** Required action **
Search the listing below for the line containing "Brito defendió la". From there through the line containing "Díly Jawa, pionýr, ČZ,stadion,Jaweta, - 5", transcribe every line exactly, both ends included.

** Records shown **
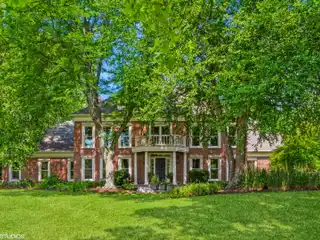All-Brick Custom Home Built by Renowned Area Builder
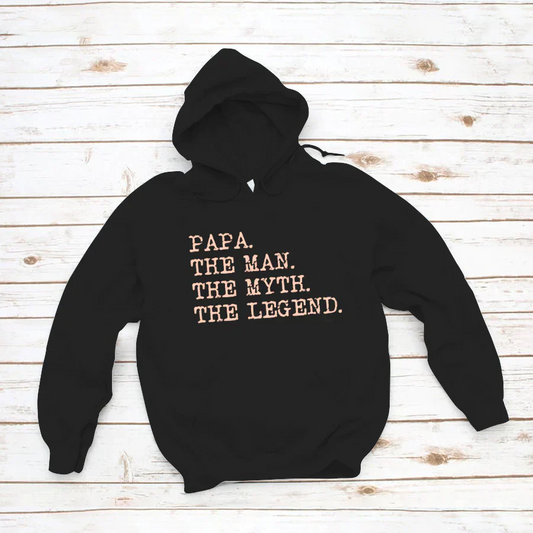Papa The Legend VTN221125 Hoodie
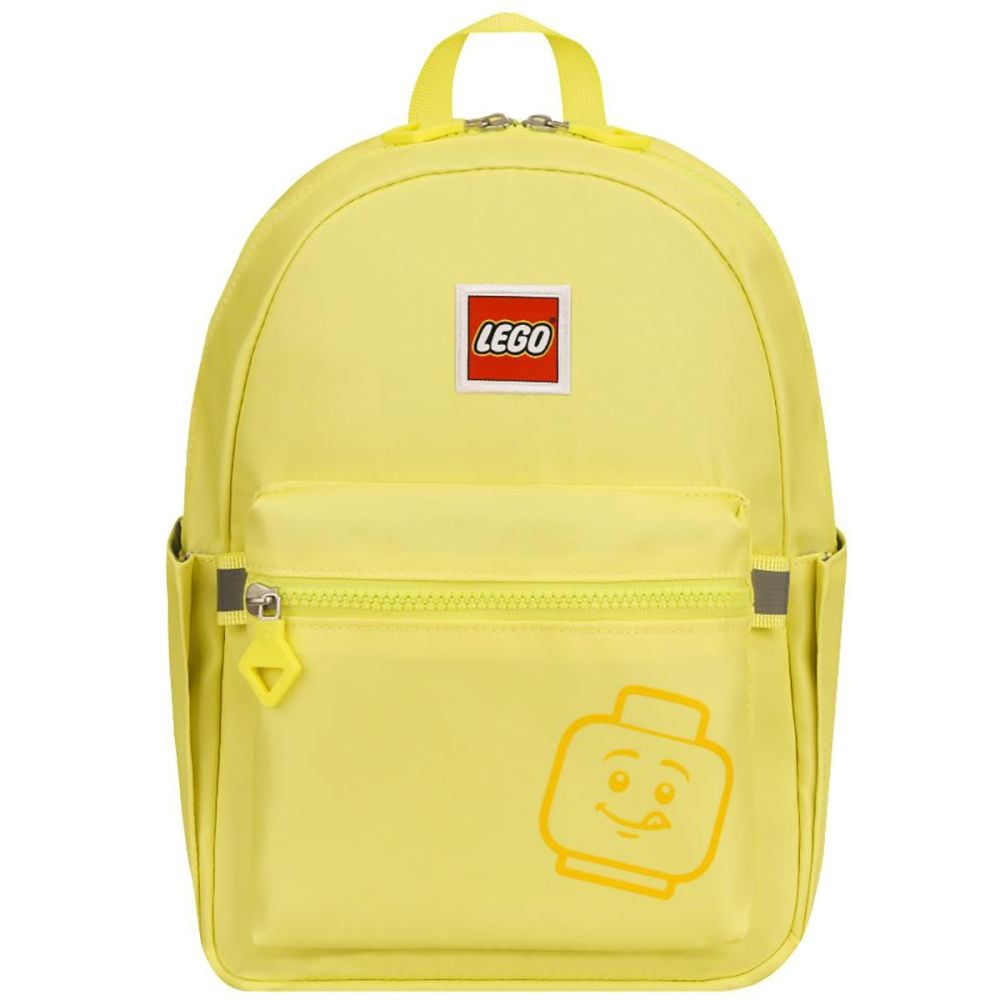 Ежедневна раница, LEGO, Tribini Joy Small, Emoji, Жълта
...
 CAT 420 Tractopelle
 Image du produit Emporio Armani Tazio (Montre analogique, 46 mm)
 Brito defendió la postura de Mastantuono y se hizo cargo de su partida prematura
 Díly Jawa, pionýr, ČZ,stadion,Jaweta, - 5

** Result below **
 Brito defendió la postura de Mastantuono y se hizo cargo de su partida prematura
 Díly Jawa, pionýr, ČZ,stadion,Jaweta, - 5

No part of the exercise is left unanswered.